“I was probably 13 when my sister first dragged me into a theatre in Nelson,” says Devon Williamson, as he sits chatting to me on the stage at Detour.
Smitten by the theatrical world, he’s gone on to learn the craft of acting, directing and writing. As well as children’s shows, he’s written 14 plays, with Murder on the Menu being his most recent.
“A young woman is conned into buying a derelict theatre,” he says, explaining the plot, “and she realises the only way she can pay for it is if she turns the theatre into a café.
“But the theatre is haunted by some pompous ghosts from Shakespearean plays. To get rid of them, she has to kill them off.
“She soon realises they have to die in the same manner as the Shakespearean play they come from.”
This was intriguing. The ghosts are the ghosts of the fictitious characters, not the actors, so how does he come up with ideas for a story?
“The trick with comedy is to put a normal person into a crazy situation,” says Devon. “Usually somebody is having to overcome something, often something in themselves. Because of the crazy people around them, they end up trying to achieve something in a comic fashion.”
After arriving in Tauranga with his wife Kim in 1993, they’ve toured schools and churches, had a family and spent time teaching in Hong Kong, the Philippines and Pacific Islands. Now they are both employed by Detour Theatre Trust to deliver services here.
Writing the popular plays that Tauranga audiences love takes up a few months each year.
“I have a season for my writing,” he says. “It is usually during the last quarter of the year, during October, November and the first two weeks of December. At the end of the third show, which I direct, Kim directs the fourth show and I start writing.
“The goal is to have a read-through with the cast who are going to be in the show a week before Christmas.”
No pressure then.
“It’s a tricky thing,” he explains, “because you do need to have enough time to write a play, but you do have a deadline. The trick is to work out what’s reasonable and then write.”
It sounds intense, but then with writing, we usually take as much time as we have available.
He likes sitting amongst the audience, observing their responses and comments. In some ways, the play is hiding itself from him until that moment.
“A play needs an audience. Sometimes you get feedback, but the more personally people are affected by something the less feedback you get.
“Sometimes they say they haven’t laughed so hard for so long. They enjoy coming to the theatre and seeing something completely madcap - a nutty comedy that has a really warm ending. It is therapy. They’ve been able to come in and let go of everything else for two hours.
“You don’t really know what your play is until you see it in front of an audience.
“You can write it thinking that it’s a particular thing. You rehearse it and, on opening night, sit there with them watching it. But then you realise, because you are sharing the experience with the audience, that although the grand theme of the play was ‘this’, it’s actually ‘that’.
“What you think is a nice little moment becomes a moment with a lot of gravity when the audience are viewing it, and you’ve underestimated it.”
Devon says his favourite play is always the one he’s doing right now, because it’s fresh, new and exciting. “By the end of the show though, you’ve milked it for six months, with writing, casting and producing it.
“This year we’re doing a new show and one we produced a few years ago.

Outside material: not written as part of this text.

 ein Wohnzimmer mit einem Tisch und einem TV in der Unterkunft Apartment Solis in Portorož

It was fascinating reading through some of my earlier plays – they were full of surprises, because of having produced them and then not looked at them for ten years.”

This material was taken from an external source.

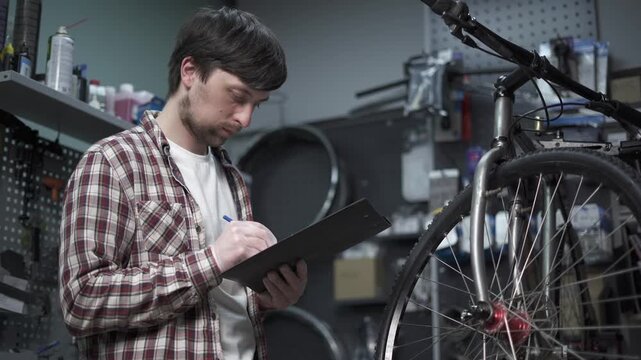 Dedicated bicycle mechanic meticulously works in workshop. He is focused and skilled, providing quality maintenance and repair services for clients bike. Male cycle fitter operating with paperwork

His plays are marketed through an agent and staged in theatres around the English-speaking world in countries such as Canada, the UK, Australia and America. They’re also performed in theatres around New Zealand.
“I love the fact that we will produce the first show here in this tiny place and then it will go to some outfit in the US,” says Devon.

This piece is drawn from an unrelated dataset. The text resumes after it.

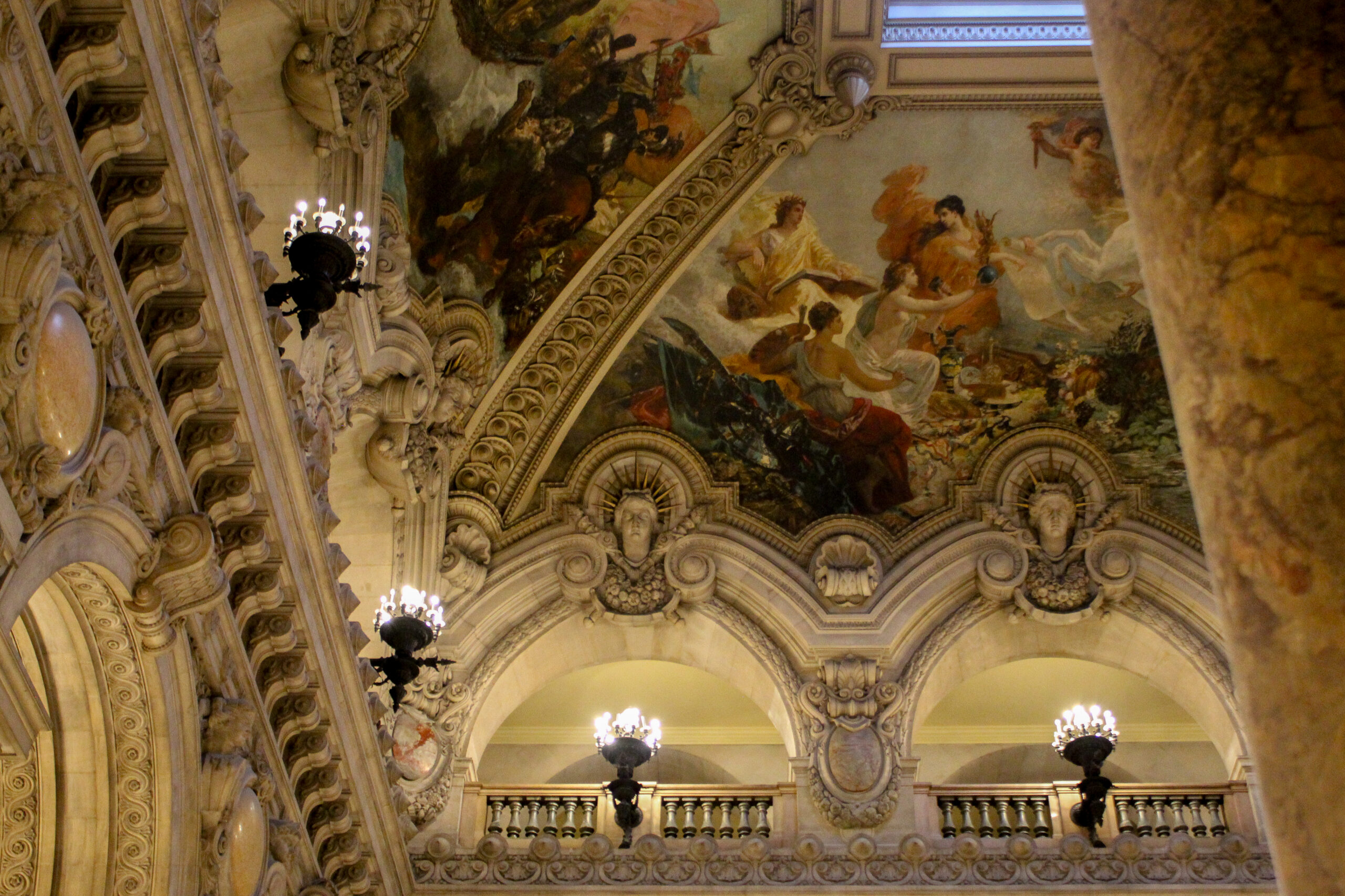 View from the Grand Staircase View of the ceiling paintings from the Grand Staircase of the Palais Garnier. Photo by Everhart Creative.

“It will be another community theatre but they’ll have a lot of resources. It’s always great to see the show and what other people do with it.
“You write a play and then you give it to that producing theatre, but how they interpret what the character is like and who they cast is up to them.
“When we go to other towns, it always reminds us that there’s such a depth of talent here in Tauranga, which is why there is so much theatre going on.
“Having a good cast helps. There are so many good actors here.”
For now it’s a play about murder.
“Titles are important,” he says. “I agonise over titles. At some point someone’s going to have to try and sell tickets to this thing, so give them a favour. Murder in the Menu is telling you something is going on, and that’s important.”